> [Work to be completed]: Reproduce the entries exactly, beginning with the line containing "Cartier Santos White" and ending with their last line, both included.

--- Working data ---

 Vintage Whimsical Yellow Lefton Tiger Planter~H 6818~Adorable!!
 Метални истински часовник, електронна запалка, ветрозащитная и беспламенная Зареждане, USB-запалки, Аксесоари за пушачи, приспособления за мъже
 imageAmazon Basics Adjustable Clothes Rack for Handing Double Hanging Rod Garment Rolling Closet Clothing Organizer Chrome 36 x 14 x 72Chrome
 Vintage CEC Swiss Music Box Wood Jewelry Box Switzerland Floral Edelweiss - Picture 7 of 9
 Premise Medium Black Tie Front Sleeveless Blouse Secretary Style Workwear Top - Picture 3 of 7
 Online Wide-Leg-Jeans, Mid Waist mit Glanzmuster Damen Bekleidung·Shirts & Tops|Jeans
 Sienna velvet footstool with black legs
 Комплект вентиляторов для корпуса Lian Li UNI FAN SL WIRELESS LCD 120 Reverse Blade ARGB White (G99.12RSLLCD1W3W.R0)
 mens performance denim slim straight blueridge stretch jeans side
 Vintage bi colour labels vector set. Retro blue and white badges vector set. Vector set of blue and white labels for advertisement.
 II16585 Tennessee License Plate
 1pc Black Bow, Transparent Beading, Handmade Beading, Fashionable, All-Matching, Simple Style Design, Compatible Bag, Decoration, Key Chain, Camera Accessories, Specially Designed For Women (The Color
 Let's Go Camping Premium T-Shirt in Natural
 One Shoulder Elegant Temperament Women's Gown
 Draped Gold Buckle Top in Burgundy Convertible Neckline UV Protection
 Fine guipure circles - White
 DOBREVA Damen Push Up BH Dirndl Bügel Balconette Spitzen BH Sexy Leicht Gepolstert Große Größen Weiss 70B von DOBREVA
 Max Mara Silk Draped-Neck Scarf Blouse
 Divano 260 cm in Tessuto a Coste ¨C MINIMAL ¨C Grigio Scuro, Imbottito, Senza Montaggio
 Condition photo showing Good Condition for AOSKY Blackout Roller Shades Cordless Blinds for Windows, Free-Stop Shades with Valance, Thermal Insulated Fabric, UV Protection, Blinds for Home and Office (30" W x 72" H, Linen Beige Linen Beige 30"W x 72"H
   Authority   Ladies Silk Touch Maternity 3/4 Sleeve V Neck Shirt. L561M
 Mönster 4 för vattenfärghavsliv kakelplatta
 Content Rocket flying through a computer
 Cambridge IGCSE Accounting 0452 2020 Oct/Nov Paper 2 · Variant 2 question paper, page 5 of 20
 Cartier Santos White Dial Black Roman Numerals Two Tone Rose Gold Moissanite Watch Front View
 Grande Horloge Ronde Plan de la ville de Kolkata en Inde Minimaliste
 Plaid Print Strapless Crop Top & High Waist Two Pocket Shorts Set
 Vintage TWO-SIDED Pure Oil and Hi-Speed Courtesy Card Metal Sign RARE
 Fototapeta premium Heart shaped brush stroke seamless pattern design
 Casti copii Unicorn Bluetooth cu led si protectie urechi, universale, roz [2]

---

> [Task output]:
 Cartier Santos White Dial Black Roman Numerals Two Tone Rose Gold Moissanite Watch Front View
 Grande Horloge Ronde Plan de la ville de Kolkata en Inde Minimaliste
 Plaid Print Strapless Crop Top & High Waist Two Pocket Shorts Set
 Vintage TWO-SIDED Pure Oil and Hi-Speed Courtesy Card Metal Sign RARE
 Fototapeta premium Heart shaped brush stroke seamless pattern design
 Casti copii Unicorn Bluetooth cu led si protectie urechi, universale, roz [2]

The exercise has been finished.